Wzrósł odsetek nieprawidłowego wykorzystania funduszy unijnych. Jak informuje Europejski Trybunał Obrachunkowy, w 2018 roku źle rozliczona kwota sięgnęła 4 mld euro, czyli 2,6 proc. całego budżetu przeznaczonego na dopłaty programowe. Rok wcześniej nieprawidłowości wykryto w 2,4 proc. transakcji. Zdaniem Trybunału pozostałe 151 mld zostało wydane bez zastrzeżeń.
Europejski Trybunał Obrachunkowy odpowiedzialny jest za sprawdzenie sprawozdania finansowego UE, które następnie przedstawia parlamentom narodowym, Parlamentowi Europejskiemu i Radzie Europy.
„Najważniejszym elementem sprawozdania jest wydawane przez Trybunał poświadczenie wiarygodności dotyczące wiarygodności skonsolidowanego sprawozdania rocznego UE oraz legalności i prawidłowości transakcji. Uzupełnieniem tego poświadczenia są szczegółowe oceny każdego z głównych obszarów działalności Unii” – czytamy w raporcie trybunału.
Zbyt skomplikowane przepisy
Z czego wynika tak duży odsetek nieprawidłowości? Zdaniem unijnych urzędników, głównie ze zbytniego skomplikowania przepisów. Chodzi przede wszystkim o rozbieżności między regulacjami UE a prawem państw członkowskich.
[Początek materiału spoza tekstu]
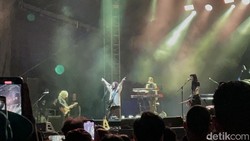 Penampilan Segar St Vincent yang Meliuk-liuk di Joyland Fest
Jednym z przykładów, na który powołali się urzędnicy Europejskiego Trybunału Obrachunkowego, jest sprawa z Polski. W jednym z programów przewidziano, że z dofinansowania skorzystać nie można, gdy pod tym samym adresem zarejestrowane są dwa podmioty prowadzące ten sam rodzaj działalności gospodarczej. W takim przypadku skorzystać mogła tylko ta firma, która zgłosiła się pierwsza. W przywoływanym przypadku chodziło o dwie kancelarie prawne, które zarejestrowane były pod tym samym adresem. Jest to jeden z przykładów, gdy regulacje unijne i krajowe są rozbieżne, co potwierdza wnioski kontrolerów.